***** Input data
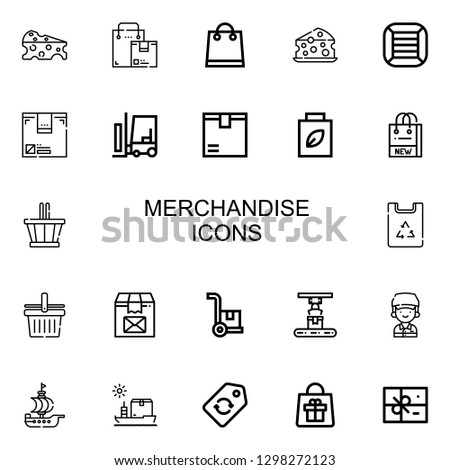 Editable 22 merchandise icons for web and mobile. Set of merchandise included icons line Cheese, Box, Shopping bag, Boxes, Forklift, Package, Basket, Paper bag on white background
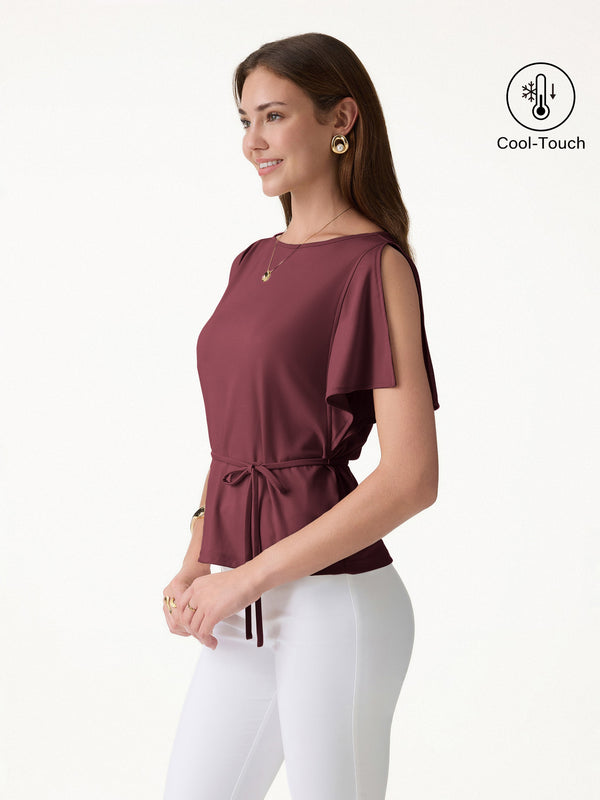 OGLmove CoolTouch Relaxed Boatneck Self-Tie Top Ancora XS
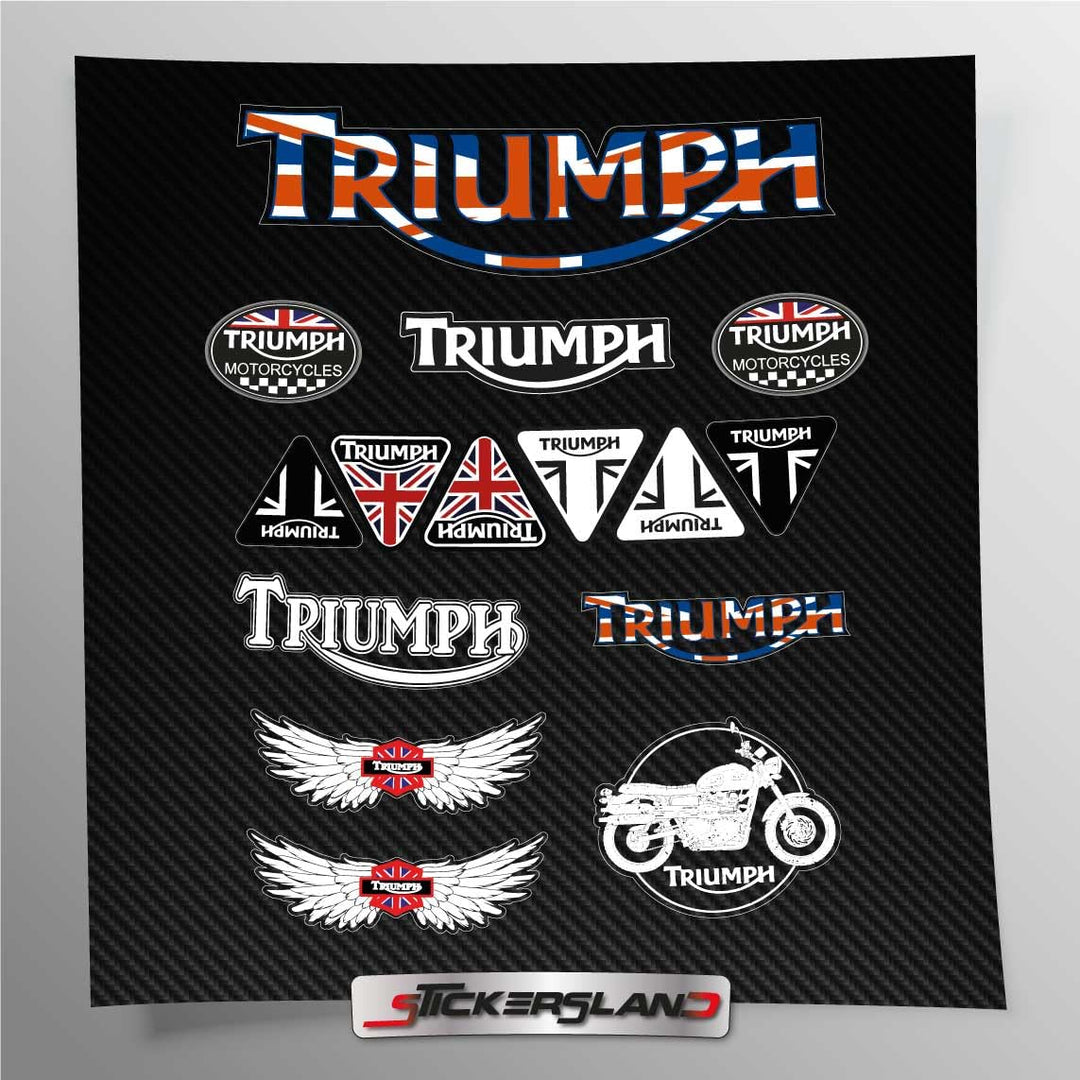 Aufkleber-Set, kompatibel mit Triumph-Rahmenverkleidungen auf schwarzem Hintergrund | für den persön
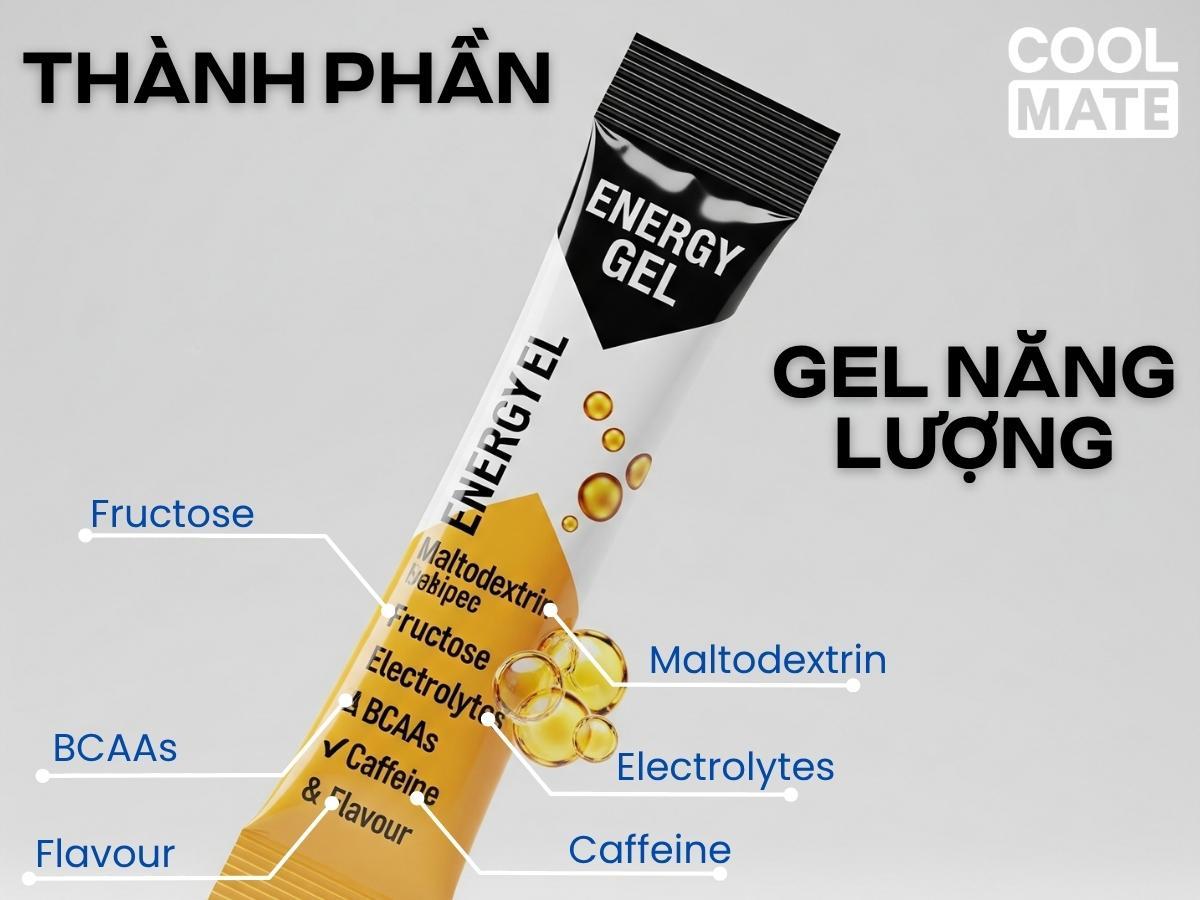 Thành phần gel năng lượng gồm carb, chất điện giải, BCAA, caffeine và hương vị giúp duy trì sức bền khi chạy bộ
**********
Requirement:
Leaving out all pictures, repeat word for word the lines from the one containing "OGLmove CoolTouch Relaxed" through the final line of the material above.

Problem solution:
 OGLmove CoolTouch Relaxed Boatneck Self-Tie Top Ancora XS
 Aufkleber-Set, kompatibel mit Triumph-Rahmenverkleidungen auf schwarzem Hintergrund | für den persön
 Thành phần gel năng lượng gồm carb, chất điện giải, BCAA, caffeine và hương vị giúp duy trì sức bền khi chạy bộ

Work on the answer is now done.